Gillespie withdrew his application on Thursday - the day after submissions were officially opened by the Senate into the performance of the corporate regulator and its role in the Commonwealth Bank financial planning scandal, including Gillespie.
It is understood that ASIC had lined up four of Gillespie's victims to give evidence, along with a handwriting expert. His decision to withdraw his appeal means he will be banned permanently from providing financial services advice.
ASIC will not be referring the matter to the Director of Public Prosecutions or police on the basis there is "insufficient evidence".
Gillespie is one of seven Commonwealth Bank financial planners who were banned by the regulator for misconduct. He and other planners, including Don Nguyen, hit the headlines last month when myself and colleague Chris Vedelago launched a series of stories into a scandal and cover-up at CBA's financial planning arm and the failure of ASIC to act promptly.
The scandal triggered a bipartisan Senate inquiry into the performance of ASIC.
Submissions opened on July 10 and will close on October 21. A hearing will begin shortly after and a report is set to be handed down by the end of March.
The reports revealed that a group of CBA insiders first contacted the regulator in October 2008 with detailed information about the goings on at the bank's financial planning arm. A few months later the bank handed the regulator a file on Gillespie with allegations of forgery and fraud and a subsequent updated report in August 2010.
Neither the bank nor ASIC covered themselves in glory over their handling of Gillespie or the financial planning scandal.
In the bank's case, it first became aware of forgery allegations and fraud and the alleged overcharging of Gillespie's clients in October 2008 in a compliance report obtained by Fairfax Media, but he didn't resign until June 2009.
Indeed, a memo showed that the bank's internal compliance unit had discussed hiring a handwriting expert to investigate the forgeries but believed it would cause a "degree of heartburn" as it might cost up to $6000. At the time the bank reported a profit of $4.7 billion for the year to June 30, 2008.
After Gillespie resigned, the bank handed his file to ASIC.
It took ASIC another 3½ years to scrub him out of the industry. During that time he continued to work as an adviser for two different businesses.
His clients and his employers had no knowledge he had left CBA under controversial circumstances or that he was the subject of an ASIC investigation.
According to one of the bank whistleblowers, Jeff Morris, an ASIC investigator told him that if the whistleblowers had not forced the issue by going to the regulator's head office in February 2010, the report might still be "bouncing around".
In the lead-up to the inquiry, Nationals senator John Williams has more than 100 questions on notice to ASIC, which it has to respond to by Wednesday.
These questions were posted on Thursday and include whether ASIC had been made aware of or investigated claims that employees of CBA were involved in "sanitising" of affected clients' files, "whether the group executive responsible from the financial planning division in or around 2008 and 2009 [who was copied into one of the emails from the whistleblower] was still employed by CBA".

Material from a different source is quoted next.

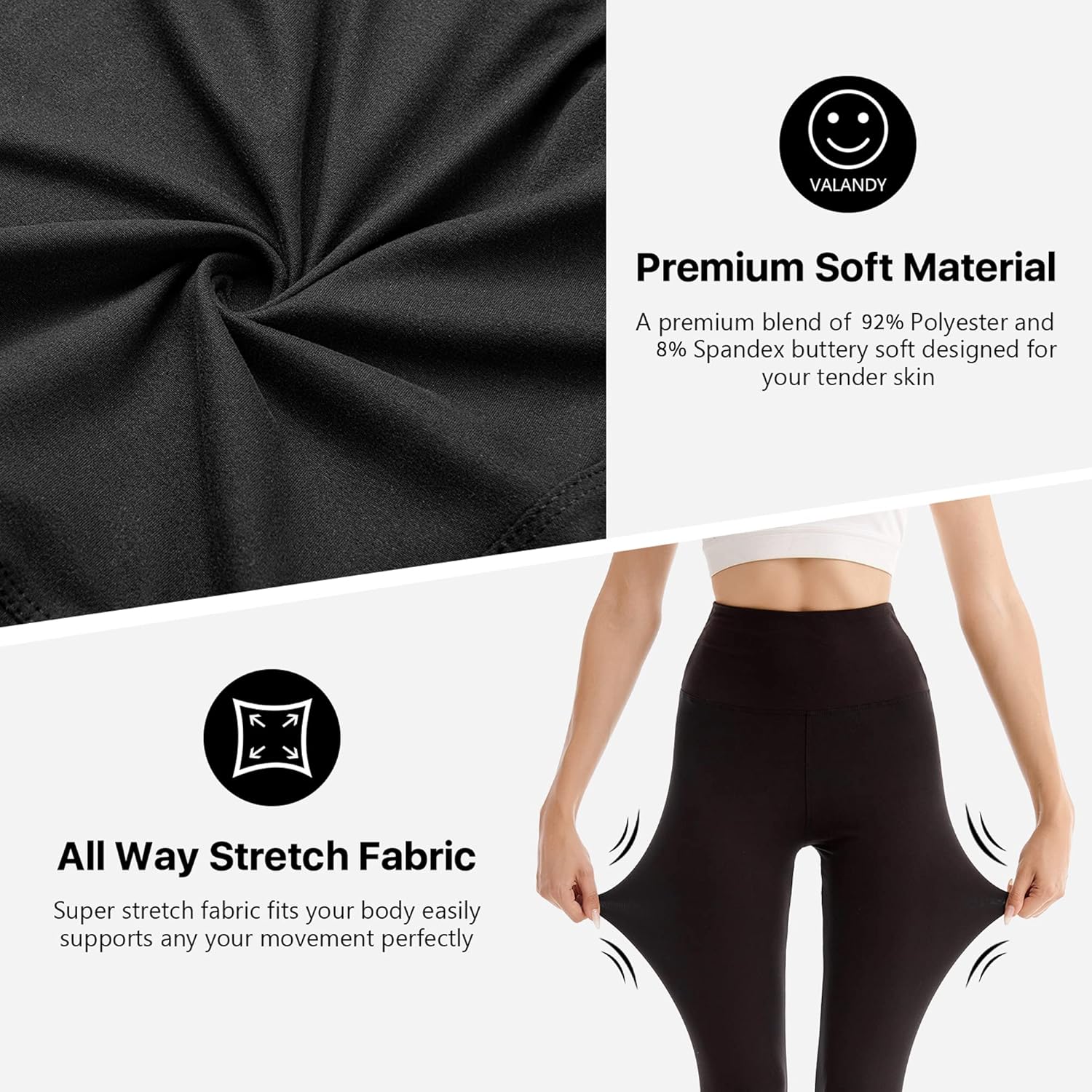 SINOPHANT Women's 3/4 Leggings, Sports Trousers, Jegging, High Waisted Yoga Opaque Soft Capri Trousers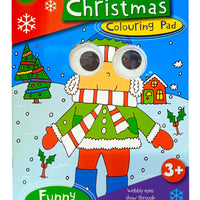 My Wobbly Eyes Christmas Colouring Pad Book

Other questions include whether the managers of the bank's financial planning business were still employed in management roles in the financial services industry.
"How is a clear message sent to the industry when persons at a lower level are banned but the general managers are still running significant financial services businesses?" Williams asked.
Since the stories appeared, there have been hundreds of emails and phone calls from victims and former bank staffers adding new information.
The scandal has raised questions about the conflicts of interest of vertically integrated institutions such as banks owning financial planning arms. Unfortunately, the new regulatory regime, the Future of Financial Advice, which came into effect on July 1, doesn't deal with this conflict. FOFA bans "conflicted remuneration", but the vertically integrated employer will find a way to provide incentives for staff to maximise profits. Sales staff will always work to sales targets.
As one independent adviser said: "You would expect a Ford dealer to sell you a Ford, whether it was the right car or not, or whether you even need a car.
But for some reason our community thinks they will magically get advice in their best interest when they walk through the doors of a product manufacturer."
Let's hope the Senate inquiry covers some of this.